Third, pre-service teachers with high levels of self-efficacy are likely to develop and form a strong sense of commitment to their activities. This move-in turn allows them to acquire new skills since they are often ready to learn new approaches and strategies for tackling math problems and the challenges that their students face (Czerniak & Schriver, 1994; Riggs & Enochs, 1990). Fourth, pre-service teachers with high levels of self-efficacy are hands-on and self-organized. In most cases, they do not wait to tackle their problems when they occur, but they work to eliminate or minimize possible challenges. Finally, pre-service teachers with high levels of self-efficacy have an excellent ability not only to recover from disappointments and impediments very quickly but also to work toward the next success (Huinker & Madison, 1997; Kagan, 1992).

In a study aimed at measuring the self-efficacy of in-service teachers in Slovakia, Gavora (2011) cited other research studies to demonstrate that teachers with high levels of self-efficacy have the following attributes.

  1. Open to a new idea
  2. Less critical with their learners
  3. Have the ability to reach students in spite of external factors(family, school, and community) and individual factors
  4. They are highly enthusiastic
  5. They are usually highly committed to their teaching;
  6. They are highly effective in managing the classroom
  7. Persevere in the face of challenge
  8. Foster humanistic approach in the classroom
  9. They are not teacher-centered

These observations are consistent with the assertion held by most social learning perspectives that the self-efficacies demonstrated by teachers are of huge importance in determining how they approach various tasks, challenges, and goals related to student learning (Lampert, 2001). Normally, self-efficacy correlates positively with the effective teachers’ actions in the classroom context (Gavora, 2011).

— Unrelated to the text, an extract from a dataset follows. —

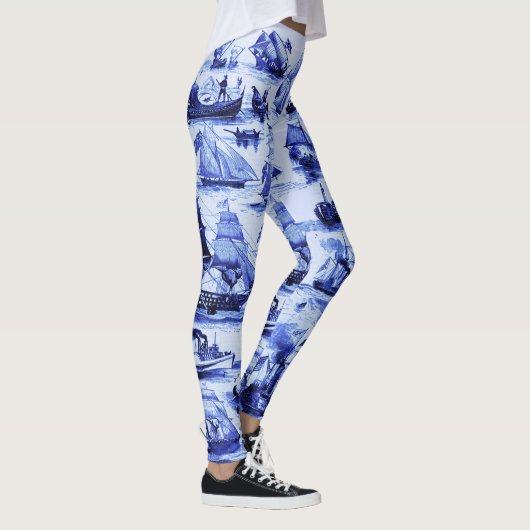  SCHEPEN, ZEEVAARTUIGEN, marineblauw Leggings (Rechts)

Conversely, pre-service teachers who have a negative self-efficacy display characteristics that function to disrupt or affect the student’s educational outcomes and achievements. Tschannen-Moran and Hoy (2007) posit According to social-cognitive theory, teachers who do not expect to be successful with certain pupils are likely to put forth less effort in preparation and delivery of instruction and to give up easily at the first sign of difficulty, even if they actually know of strategies that could assist these pupils if applied. Self-efficacy beliefs can thus become self-fulfilling prophesies, validating beliefs of either capability or incapacity (p. 80).

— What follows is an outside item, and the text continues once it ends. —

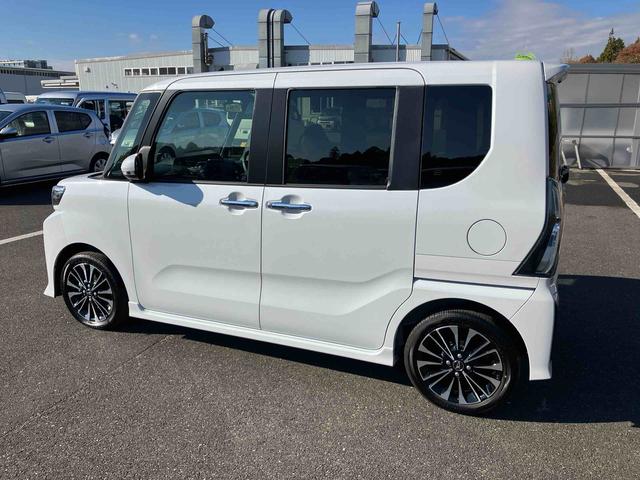 タントカスタムRSターボエンジン 15インチアルミ バックカメラ 両側電動スライドドア シートヒーター 電動駐車ブレーキ LEDライト&フォグ 上下2段調節式デッキボード コーナーセンサー 衝突被害軽減ブレーキ(千葉県)の中古車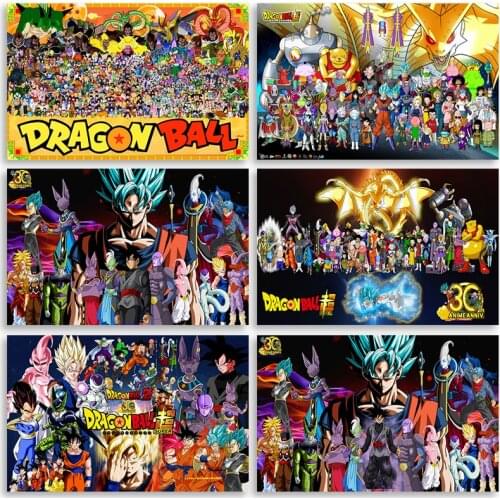 Dragon Ball Poster Japanese Anime Character Wall Art Canvas Painting and Printmaking Now Home Childrens Room Decoration Paintin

First, teachers with a negative developed sense of self-efficacy often tend to keep away from demanding and difficult tasks. In most cases, they believe that challenging situations and tasks are beyond their abilities. The practice becomes routine among teachers who avoid difficult tasks, which undermines their ability to acquire the required skills to solve various challenges. Second, these teachers tend to concentrate on their limitations, failures, and negative outcomes (Bates et al., 2011; Charalambous et al., 2008). Third, these teachers lack the ability to come back and start planning for future success. Finally, they lose confidence in their personal abilities and stop working on tasks that they think they will not manage. Some of the common behaviors demonstrated by teacher professionals with low self-efficacy beliefs and expectations include lowering expectations, sorting, lessening, questioning, and distancing (Albayrak & Unal, 2011). Self-efficacy beliefs influence an individual’s previous performance (Bandura, 1997). Therefore, it suffices to conclude that past unsuccessful experiences of pre-service may form the underlying reasons as to why teachers develop low-efficacy beliefs and internalize some of the negative behaviors indicated above (Cone, 2009).

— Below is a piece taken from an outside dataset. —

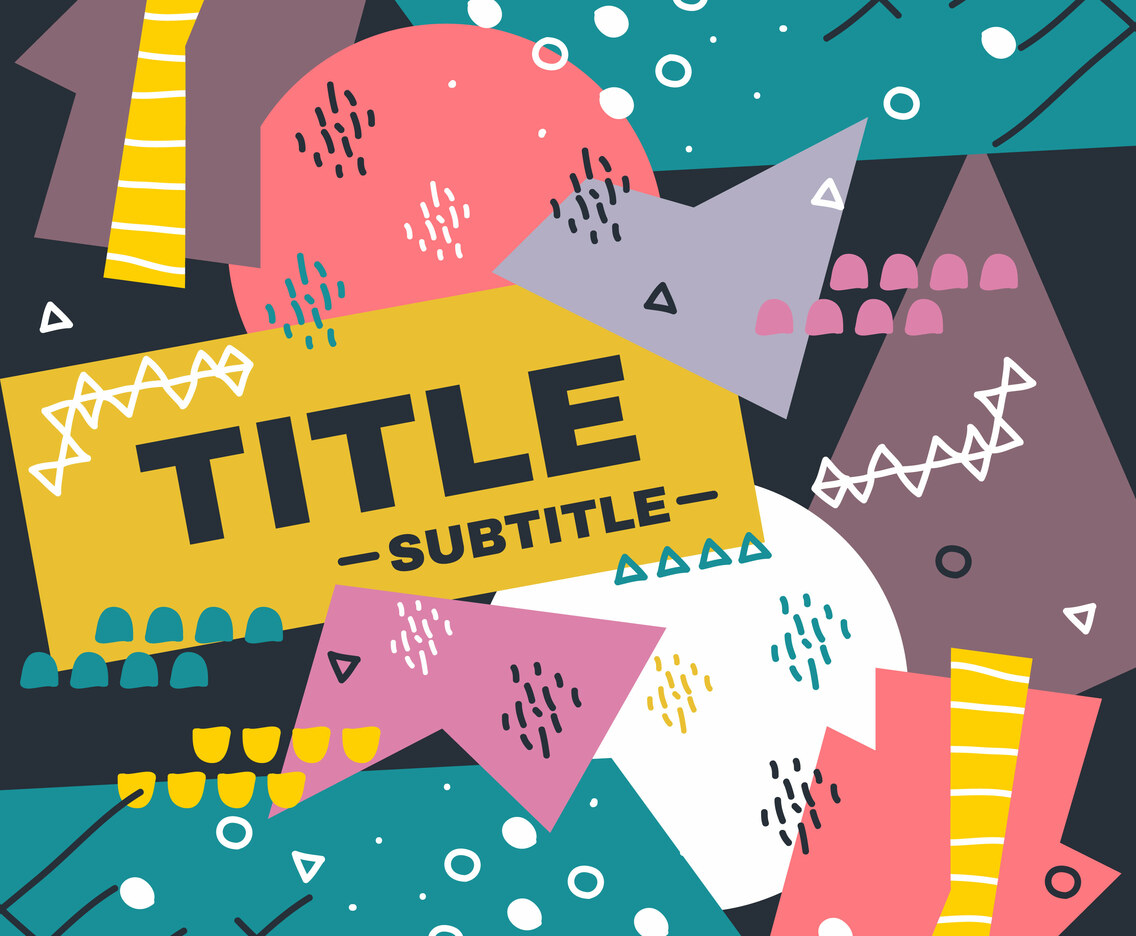 Abstract Poster Design Vector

Self-efficacy enables teachers to create strategies that enhance performance and provide the desired feedback for positive results (Cone, 2009). Teachers who have a high level of self-efficacy can create some strategies that they use to approach different class problems (Ashton et al., 1982). Accordingly, they have some alternatives that allow them to develop a strong sense of success. In teaching practice, the best results are often attributable to the sourcing and utilization of several strategies (Charalambous et al., 2008).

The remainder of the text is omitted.